## BRIEF
Pictures stay out; please output the remaining data exactly.

## DATASET EXTRACT
=== Begin Enclosure ===
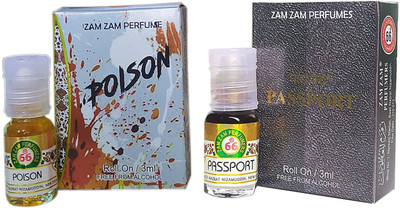 Zam Zam Perfumers Poison and Passport 3ml/Piece Long Lasting Attar Floral Attar(Natural)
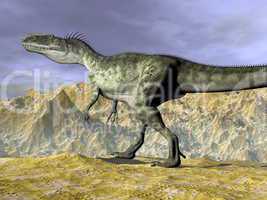 monolophosaurus dinosaur in the desert - 3d render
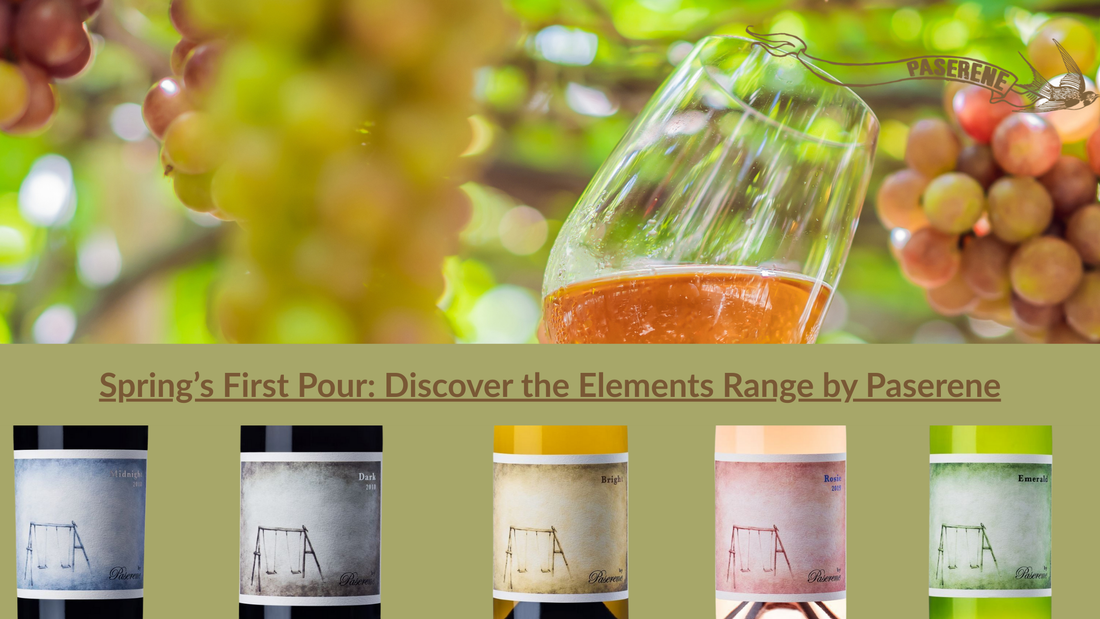 Spring's First Pour: Discover the Elements Range by Paserene, wine glass with grapes behind it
=== End Enclosure ===
## FINAL ANSWER
 Zam Zam Perfumers Poison and Passport 3ml/Piece Long Lasting Attar Floral Attar(Natural)
 monolophosaurus dinosaur in the desert - 3d render
 Spring's First Pour: Discover the Elements Range by Paserene, wine glass with grapes behind it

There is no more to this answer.